[Start of Attachment]
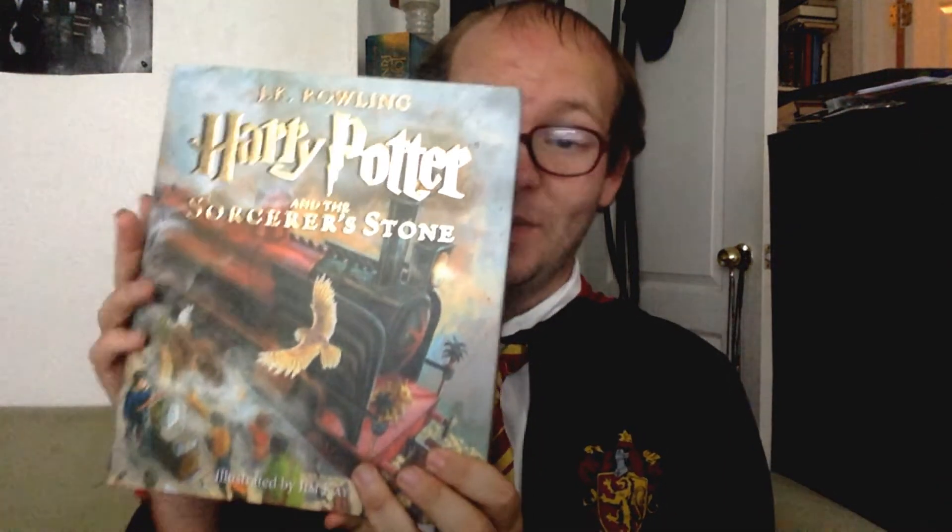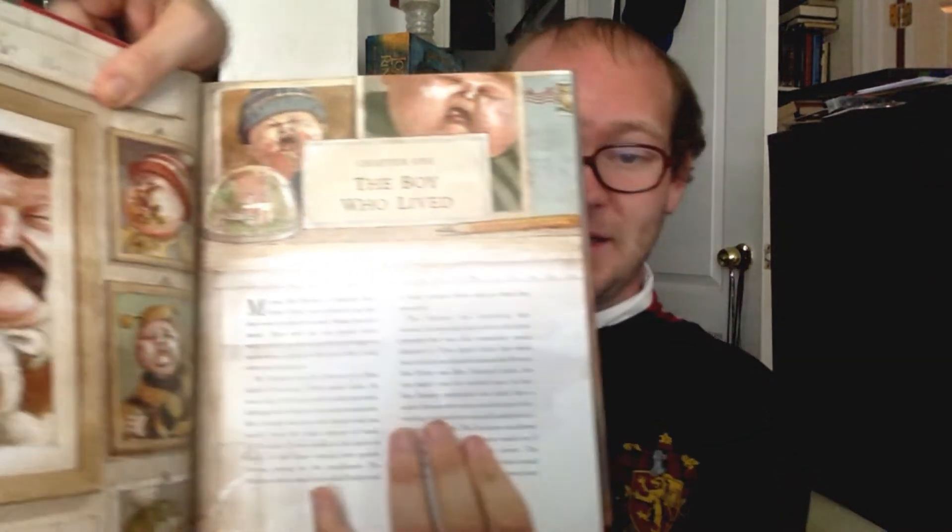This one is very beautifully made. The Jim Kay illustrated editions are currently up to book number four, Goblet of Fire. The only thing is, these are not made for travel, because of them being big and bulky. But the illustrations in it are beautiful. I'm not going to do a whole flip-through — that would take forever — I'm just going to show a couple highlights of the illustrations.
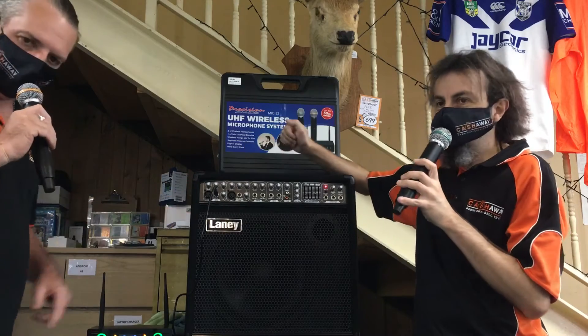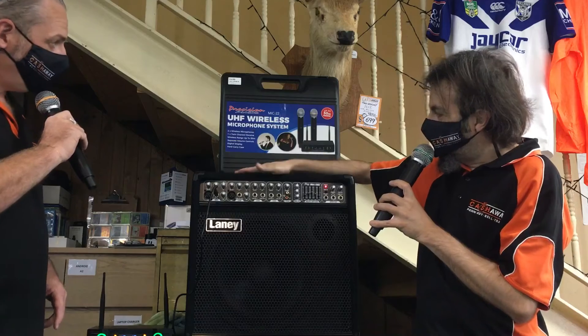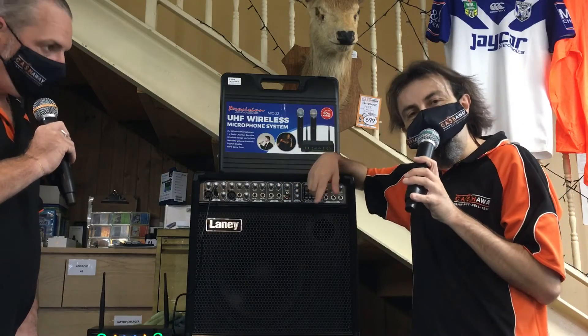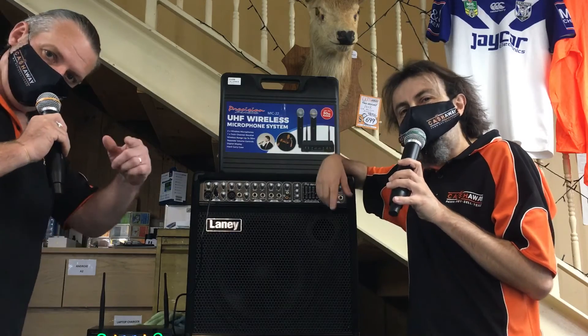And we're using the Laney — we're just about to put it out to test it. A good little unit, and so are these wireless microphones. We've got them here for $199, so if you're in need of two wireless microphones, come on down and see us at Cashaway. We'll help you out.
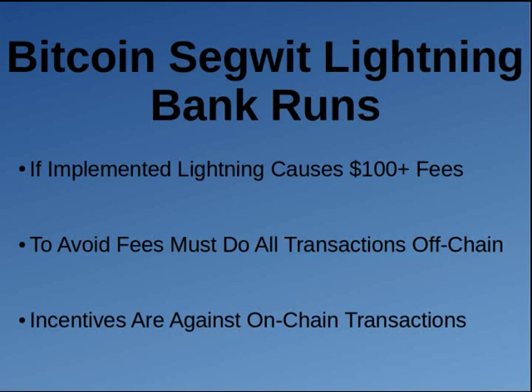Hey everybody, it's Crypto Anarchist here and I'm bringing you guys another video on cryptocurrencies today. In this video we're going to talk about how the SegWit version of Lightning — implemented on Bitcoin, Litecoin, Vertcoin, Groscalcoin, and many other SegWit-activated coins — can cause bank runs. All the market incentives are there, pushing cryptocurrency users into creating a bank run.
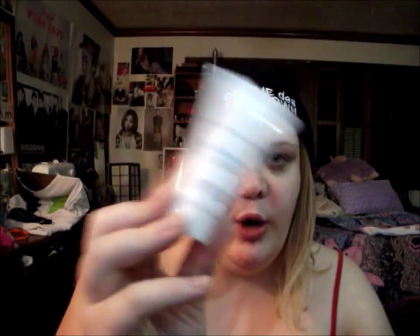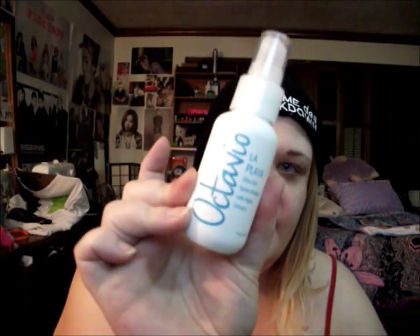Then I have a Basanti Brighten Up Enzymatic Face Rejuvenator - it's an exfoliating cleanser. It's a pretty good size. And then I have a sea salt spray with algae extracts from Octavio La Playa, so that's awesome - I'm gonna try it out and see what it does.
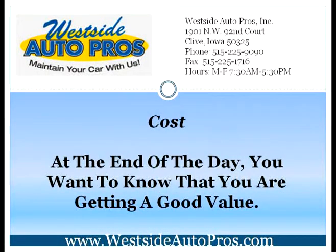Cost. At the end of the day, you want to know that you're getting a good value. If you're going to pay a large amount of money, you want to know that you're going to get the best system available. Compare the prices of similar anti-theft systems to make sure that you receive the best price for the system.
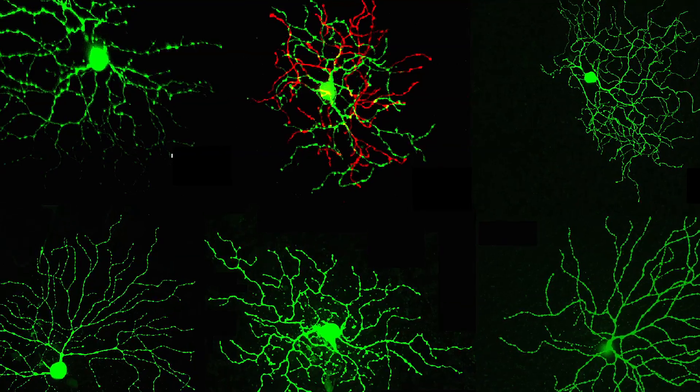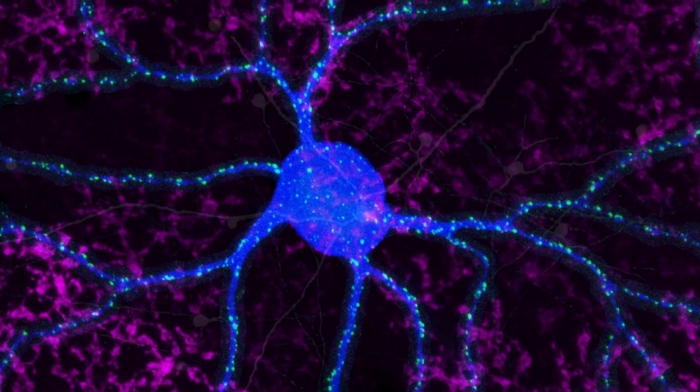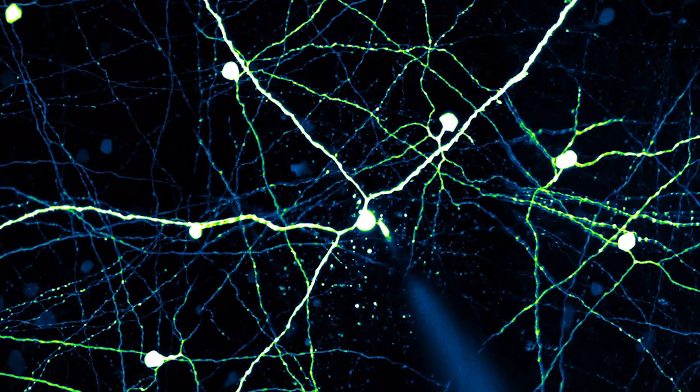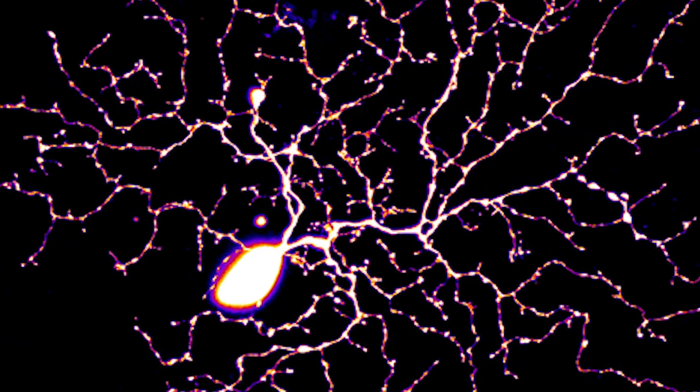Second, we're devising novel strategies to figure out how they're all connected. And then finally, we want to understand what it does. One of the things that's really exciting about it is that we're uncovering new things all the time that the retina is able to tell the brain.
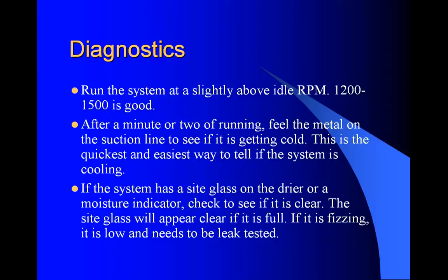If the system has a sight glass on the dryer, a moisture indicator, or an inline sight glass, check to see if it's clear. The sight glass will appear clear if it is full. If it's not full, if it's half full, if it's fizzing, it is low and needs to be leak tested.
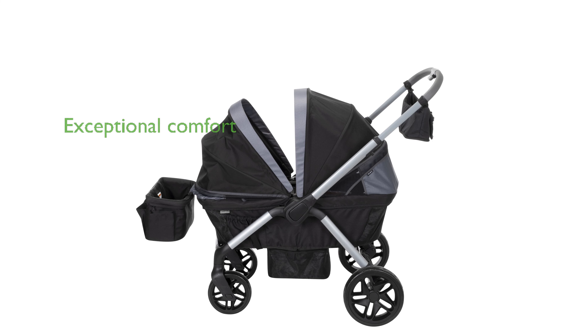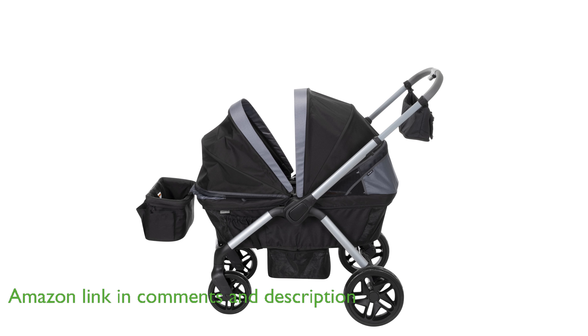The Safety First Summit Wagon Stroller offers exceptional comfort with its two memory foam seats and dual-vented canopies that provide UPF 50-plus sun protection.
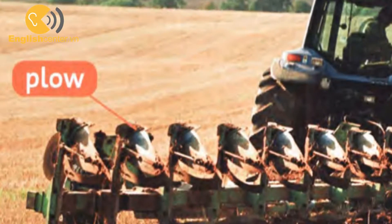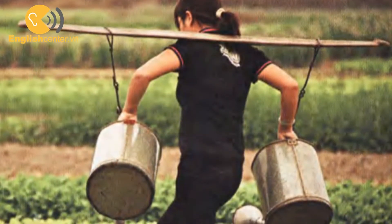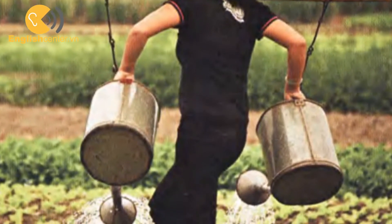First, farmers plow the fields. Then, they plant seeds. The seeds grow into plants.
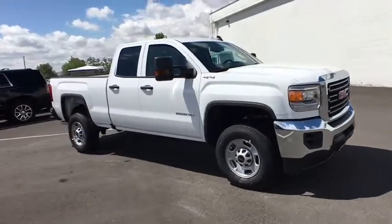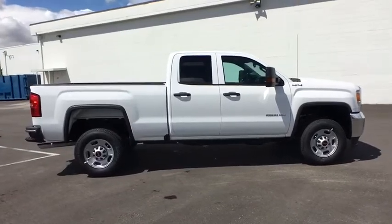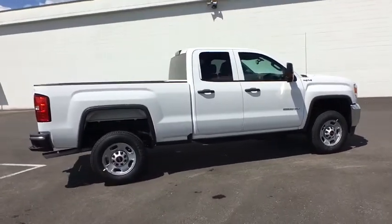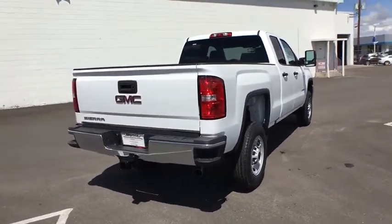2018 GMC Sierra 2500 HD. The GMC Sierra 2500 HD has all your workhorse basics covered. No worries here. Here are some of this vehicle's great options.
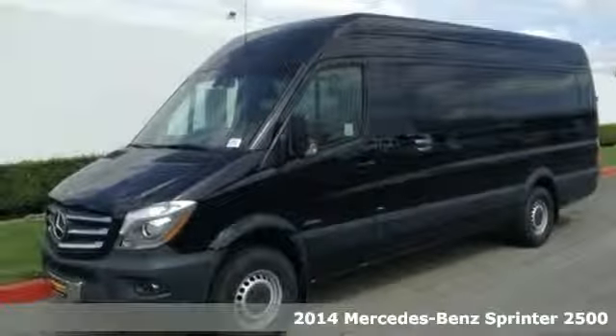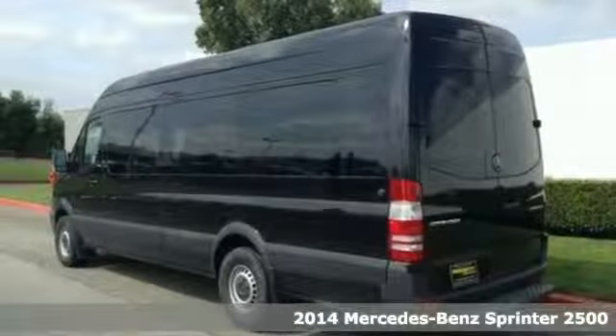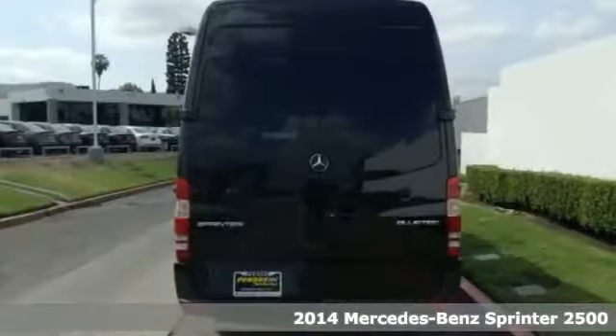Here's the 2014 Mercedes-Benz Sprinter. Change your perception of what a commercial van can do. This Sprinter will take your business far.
[End of Attachment]
*What is required*:
For the data above, set down exactly the lines from the line with "The Safety First" to the line with "2018 GMC Sierra", both included, leaving pictures out.

*Exercise answer*:
The Safety First Summit Wagon Stroller offers exceptional comfort with its two memory foam seats and dual-vented canopies that provide UPF 50-plus sun protection.
First, farmers plow the fields. Then, they plant seeds. The seeds grow into plants.
2018 GMC Sierra 2500 HD. The GMC Sierra 2500 HD has all your workhorse basics covered. No worries here. Here are some of this vehicle's great options.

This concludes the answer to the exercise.